El método científico está bien. Nos sirve para visitar la creencia, conforme descubrimos cómo hacerlo, y convertirla en ciencia (es decir, aceptar la creencia como válida universalmente), o descartarla a falta de más evidencias. Pero el método científico tiene un talón de Aquiles: qué investigar. En teoría, eso es libre. Pero la realidad dice que no, que no lo es.
Los científicos, tradicionalmente, a través del mecanismo de revisión por pares para la publicación de sus investigaciones, se han escuchado a sí mismos. O eso creen. Porque realmente escuchan a los ricos, que son los que ponen el dinero para la investigación (o influye en quien lo pone) y poseen las editoriales que publican las revistas científicas. Los científicos han sido, hasta ahora, o engañados, o cómplices.
Poco a poco los científicos se han abierto. Por necesidad más que por gusto. Han descubierto la necesidad de hablar con la ciudadanía para explicar lo que hacen y por qué es valioso. Y también para reclutar a más científicos con los que formar equipos más potentes que puedan recabar más financiación.

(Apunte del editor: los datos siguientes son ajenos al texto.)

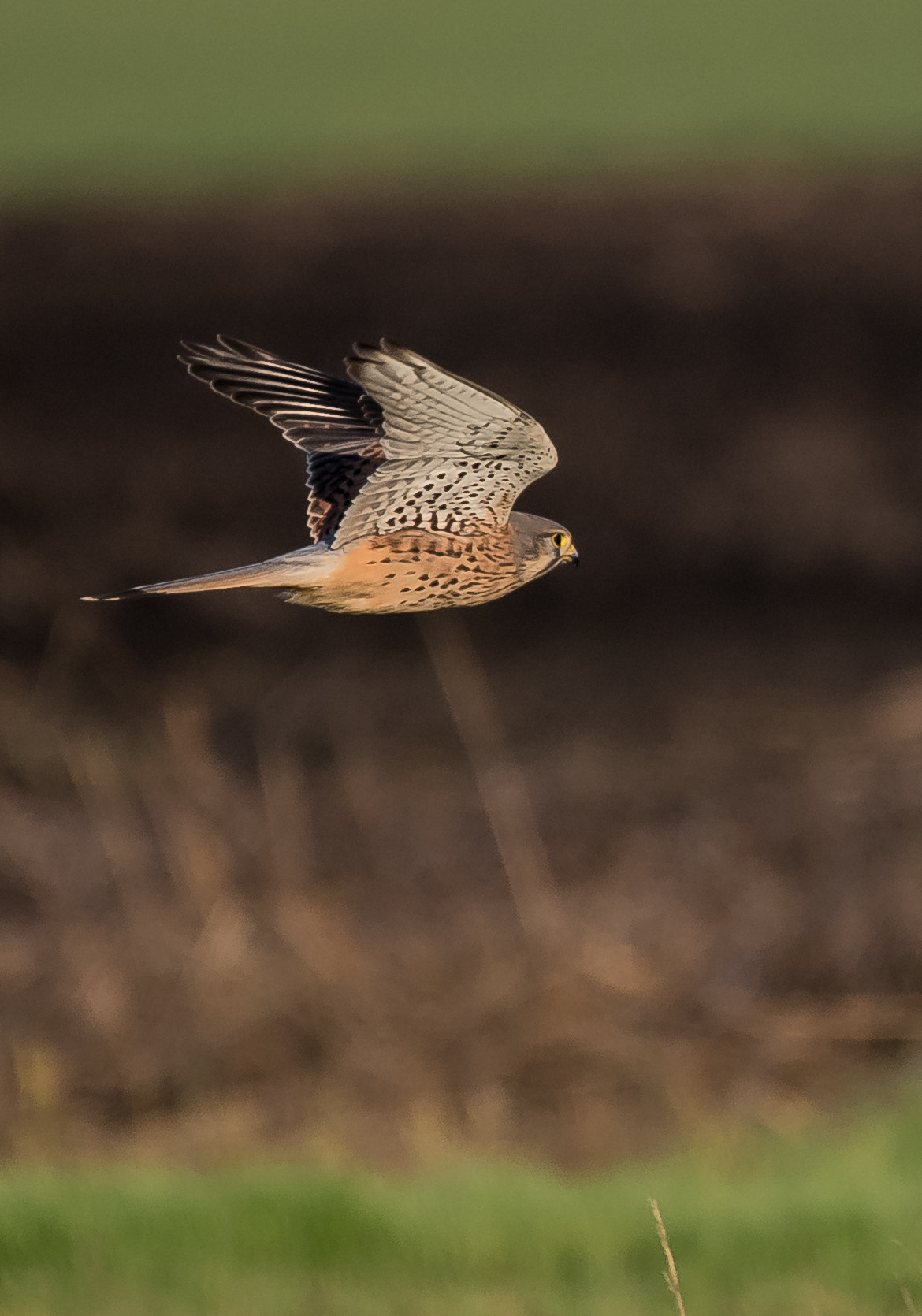 Nikon AF-S Nikkor 200-500mm F5.6E ED VR sample photo. Falco tinnuculus photography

Pero sigue habiendo un 50% de ellos que opinan que su saber es demasiado elevado para el común de los mortales, y que no tienen tiempo para esas cosas.
Y así, poco a poco, se va acercando otro momento de la historia. Con la ciencia ciudadana. En el que los científicos no solo investigan. O no solo investigan y cuentan. Sino que también escuchan. Cada vez hay más ejemplos de equipos investigadores que hablan con la gente, se plantean lo que ella pregunta, colaboran para recabar información, llegan a conclusiones percibidas como directamente útiles para comunidades enteras.
Quizá la brecha que existe entre ciudadanía y ciencia, muy manifiesta en la educación, se deba a un pecado original de la ciencia. Su servidumbre, consciente o inconsciente, generalizada aunque con excepciones, hacia los ricos y poderosos.